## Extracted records

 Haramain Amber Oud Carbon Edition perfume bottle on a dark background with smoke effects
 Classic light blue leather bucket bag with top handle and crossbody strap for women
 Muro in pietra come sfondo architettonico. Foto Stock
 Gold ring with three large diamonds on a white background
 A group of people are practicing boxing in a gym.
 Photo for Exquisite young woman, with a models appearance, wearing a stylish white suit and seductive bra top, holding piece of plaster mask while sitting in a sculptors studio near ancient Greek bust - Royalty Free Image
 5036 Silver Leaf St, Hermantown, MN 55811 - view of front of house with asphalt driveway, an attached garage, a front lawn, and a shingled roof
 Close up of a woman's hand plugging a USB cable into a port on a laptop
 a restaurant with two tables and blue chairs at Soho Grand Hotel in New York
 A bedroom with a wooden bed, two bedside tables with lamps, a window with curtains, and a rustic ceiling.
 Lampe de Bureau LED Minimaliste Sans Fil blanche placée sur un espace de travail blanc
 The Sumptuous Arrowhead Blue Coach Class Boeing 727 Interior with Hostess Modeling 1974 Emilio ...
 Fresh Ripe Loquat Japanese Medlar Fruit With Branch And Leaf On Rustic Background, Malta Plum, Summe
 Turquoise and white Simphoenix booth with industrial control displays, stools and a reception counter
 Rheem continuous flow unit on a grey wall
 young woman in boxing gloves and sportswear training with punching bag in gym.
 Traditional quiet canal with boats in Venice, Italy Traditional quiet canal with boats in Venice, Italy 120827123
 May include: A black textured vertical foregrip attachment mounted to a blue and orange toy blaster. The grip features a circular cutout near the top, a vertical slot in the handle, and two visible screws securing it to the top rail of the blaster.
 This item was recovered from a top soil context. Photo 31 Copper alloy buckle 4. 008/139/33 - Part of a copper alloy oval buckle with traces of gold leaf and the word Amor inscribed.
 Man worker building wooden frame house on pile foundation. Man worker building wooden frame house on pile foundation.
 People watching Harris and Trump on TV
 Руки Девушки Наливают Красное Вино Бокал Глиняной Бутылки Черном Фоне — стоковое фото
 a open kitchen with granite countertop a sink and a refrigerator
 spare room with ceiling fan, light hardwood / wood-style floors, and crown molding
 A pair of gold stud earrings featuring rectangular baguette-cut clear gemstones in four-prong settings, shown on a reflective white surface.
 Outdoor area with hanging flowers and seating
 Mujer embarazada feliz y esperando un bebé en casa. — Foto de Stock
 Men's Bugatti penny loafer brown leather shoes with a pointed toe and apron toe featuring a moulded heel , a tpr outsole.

## What the task asks
Your answer must be the complete data, repeated word for word.

## Solution to this task
 Haramain Amber Oud Carbon Edition perfume bottle on a dark background with smoke effects
 Classic light blue leather bucket bag with top handle and crossbody strap for women
 Muro in pietra come sfondo architettonico. Foto Stock
 Gold ring with three large diamonds on a white background
 A group of people are practicing boxing in a gym.
 Photo for Exquisite young woman, with a models appearance, wearing a stylish white suit and seductive bra top, holding piece of plaster mask while sitting in a sculptors studio near ancient Greek bust - Royalty Free Image
 5036 Silver Leaf St, Hermantown, MN 55811 - view of front of house with asphalt driveway, an attached garage, a front lawn, and a shingled roof
 Close up of a woman's hand plugging a USB cable into a port on a laptop
 a restaurant with two tables and blue chairs at Soho Grand Hotel in New York
 A bedroom with a wooden bed, two bedside tables with lamps, a window with curtains, and a rustic ceiling.
 Lampe de Bureau LED Minimaliste Sans Fil blanche placée sur un espace de travail blanc
 The Sumptuous Arrowhead Blue Coach Class Boeing 727 Interior with Hostess Modeling 1974 Emilio ...
 Fresh Ripe Loquat Japanese Medlar Fruit With Branch And Leaf On Rustic Background, Malta Plum, Summe
 Turquoise and white Simphoenix booth with industrial control displays, stools and a reception counter
 Rheem continuous flow unit on a grey wall
 young woman in boxing gloves and sportswear training with punching bag in gym.
 Traditional quiet canal with boats in Venice, Italy Traditional quiet canal with boats in Venice, Italy 120827123
 May include: A black textured vertical foregrip attachment mounted to a blue and orange toy blaster. The grip features a circular cutout near the top, a vertical slot in the handle, and two visible screws securing it to the top rail of the blaster.
 This item was recovered from a top soil context. Photo 31 Copper alloy buckle 4. 008/139/33 - Part of a copper alloy oval buckle with traces of gold leaf and the word Amor inscribed.
 Man worker building wooden frame house on pile foundation. Man worker building wooden frame house on pile foundation.
 People watching Harris and Trump on TV
 Руки Девушки Наливают Красное Вино Бокал Глиняной Бутылки Черном Фоне — стоковое фото
 a open kitchen with granite countertop a sink and a refrigerator
 spare room with ceiling fan, light hardwood / wood-style floors, and crown molding
 A pair of gold stud earrings featuring rectangular baguette-cut clear gemstones in four-prong settings, shown on a reflective white surface.
 Outdoor area with hanging flowers and seating
 Mujer embarazada feliz y esperando un bebé en casa. — Foto de Stock
 Men's Bugatti penny loafer brown leather shoes with a pointed toe and apron toe featuring a moulded heel , a tpr outsole.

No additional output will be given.